▶ DESCRIPTION OF THE TASK: What is needed is the run of lines from the one with "iexist thebrokenpassage" through the close of the data, set down exactly.
═══ DATA FOR PROCESSING ═══
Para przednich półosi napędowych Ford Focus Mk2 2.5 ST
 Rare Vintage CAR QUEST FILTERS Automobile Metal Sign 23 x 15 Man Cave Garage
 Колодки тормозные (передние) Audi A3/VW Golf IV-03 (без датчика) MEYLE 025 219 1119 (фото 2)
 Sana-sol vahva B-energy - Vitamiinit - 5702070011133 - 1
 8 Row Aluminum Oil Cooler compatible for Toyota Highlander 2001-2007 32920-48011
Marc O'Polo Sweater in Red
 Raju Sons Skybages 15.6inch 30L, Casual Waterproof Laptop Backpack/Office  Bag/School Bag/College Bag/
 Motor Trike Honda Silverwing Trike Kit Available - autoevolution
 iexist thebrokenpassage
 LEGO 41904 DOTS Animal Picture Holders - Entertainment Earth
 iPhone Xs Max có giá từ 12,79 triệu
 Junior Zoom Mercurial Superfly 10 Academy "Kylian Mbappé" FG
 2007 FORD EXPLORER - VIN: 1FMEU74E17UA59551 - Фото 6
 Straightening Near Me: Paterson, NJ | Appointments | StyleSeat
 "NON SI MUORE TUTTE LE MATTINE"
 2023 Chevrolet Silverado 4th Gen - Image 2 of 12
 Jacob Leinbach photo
═══
▶ ANSWER FOR THE TASK:
 iexist thebrokenpassage
 LEGO 41904 DOTS Animal Picture Holders - Entertainment Earth
 iPhone Xs Max có giá từ 12,79 triệu
 Junior Zoom Mercurial Superfly 10 Academy "Kylian Mbappé" FG
 2007 FORD EXPLORER - VIN: 1FMEU74E17UA59551 - Фото 6
 Straightening Near Me: Paterson, NJ | Appointments | StyleSeat
 "NON SI MUORE TUTTE LE MATTINE"
 2023 Chevrolet Silverado 4th Gen - Image 2 of 12
 Jacob Leinbach photo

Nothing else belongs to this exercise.